-- TASK --
Although the entries contain pictures, repeat only their words, exactly as written.

-- TASK INPUTS --
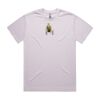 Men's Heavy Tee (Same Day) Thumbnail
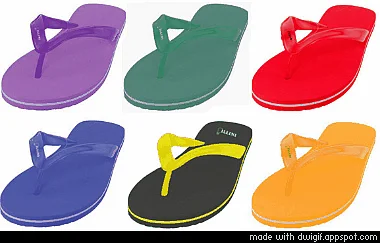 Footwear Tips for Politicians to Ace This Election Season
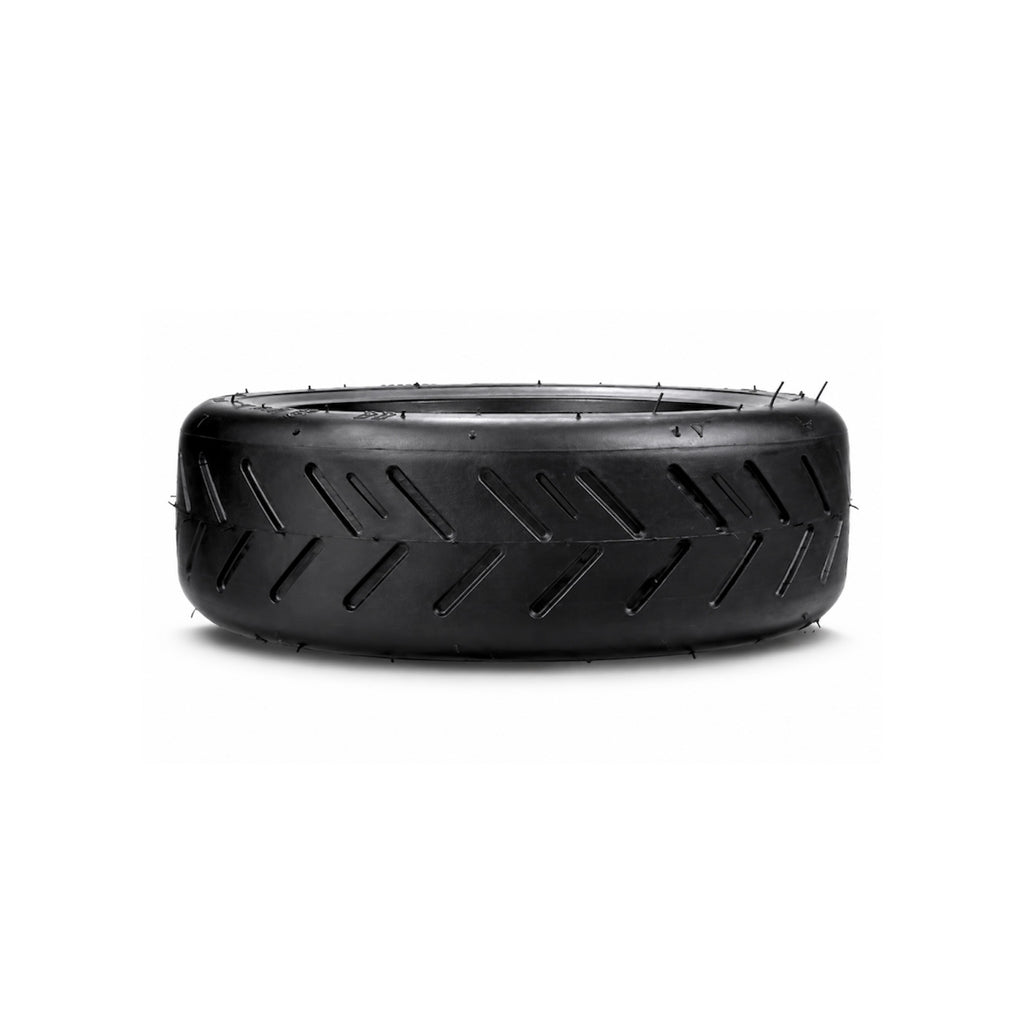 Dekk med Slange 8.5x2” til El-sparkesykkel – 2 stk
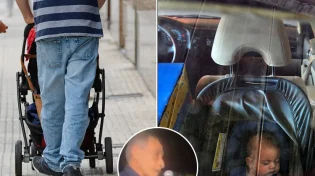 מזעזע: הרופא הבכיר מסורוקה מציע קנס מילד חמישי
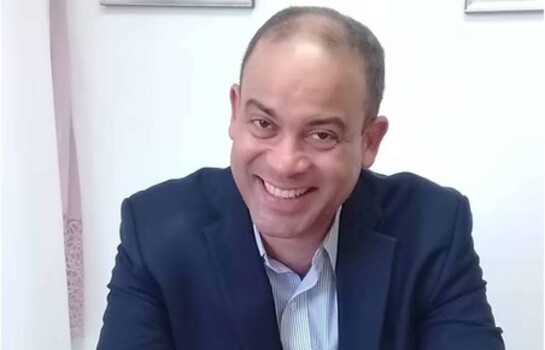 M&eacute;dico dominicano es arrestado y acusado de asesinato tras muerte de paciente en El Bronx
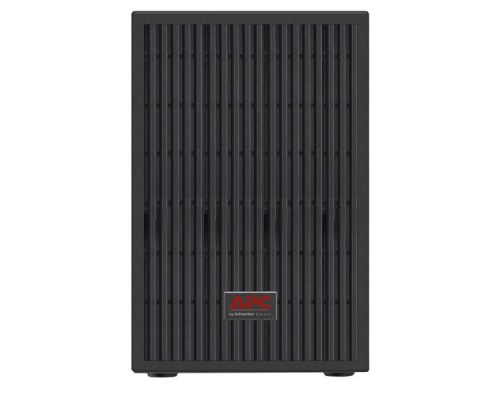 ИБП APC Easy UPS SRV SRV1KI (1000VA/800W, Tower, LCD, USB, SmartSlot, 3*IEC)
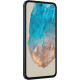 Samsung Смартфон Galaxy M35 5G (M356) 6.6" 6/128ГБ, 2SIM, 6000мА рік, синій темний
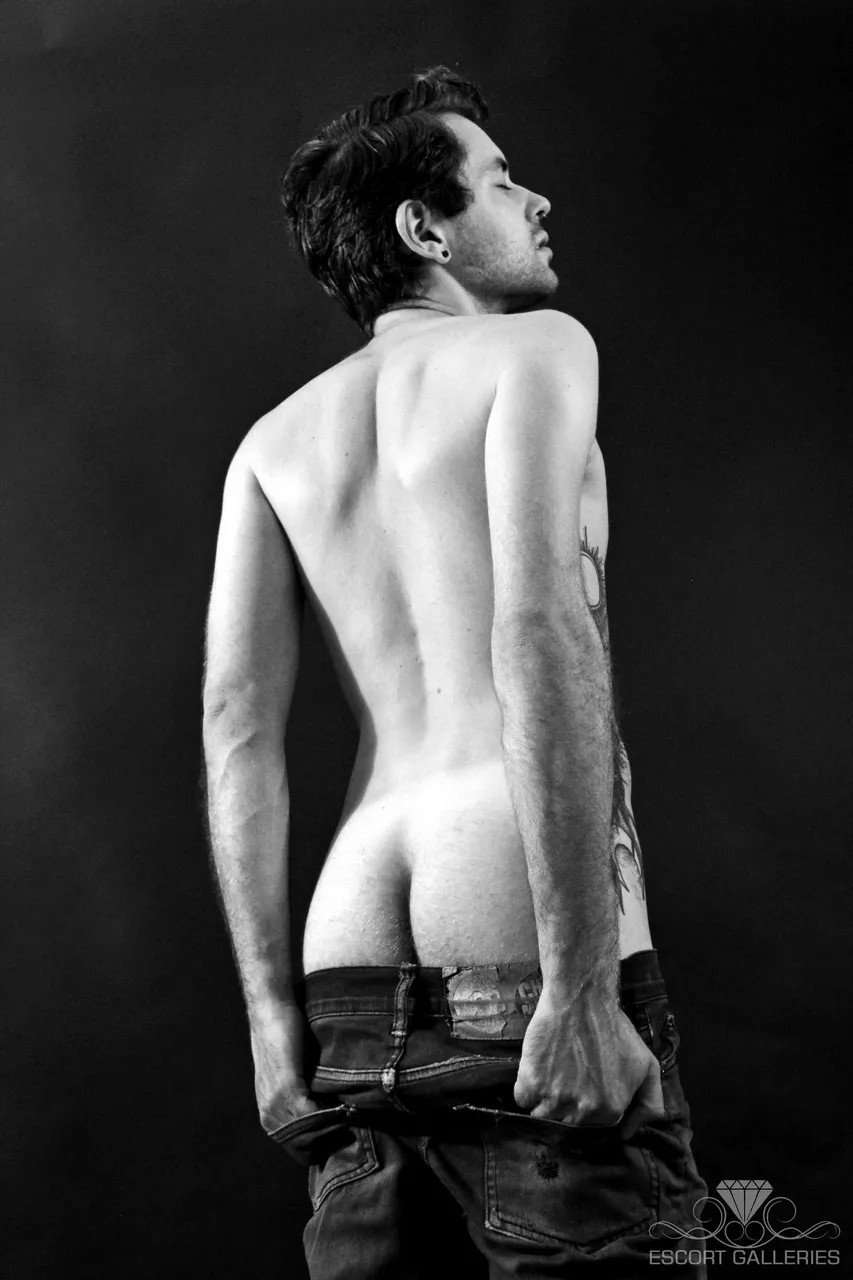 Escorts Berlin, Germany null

-- TASK OUTPUT --
 Men's Heavy Tee (Same Day) Thumbnail
 Footwear Tips for Politicians to Ace This Election Season
 Dekk med Slange 8.5x2” til El-sparkesykkel – 2 stk
 מזעזע: הרופא הבכיר מסורוקה מציע קנס מילד חמישי
 M&eacute;dico dominicano es arrestado y acusado de asesinato tras muerte de paciente en El Bronx
 ИБП APC Easy UPS SRV SRV1KI (1000VA/800W, Tower, LCD, USB, SmartSlot, 3*IEC)
 Samsung Смартфон Galaxy M35 5G (M356) 6.6" 6/128ГБ, 2SIM, 6000мА рік, синій темний
 Escorts Berlin, Germany null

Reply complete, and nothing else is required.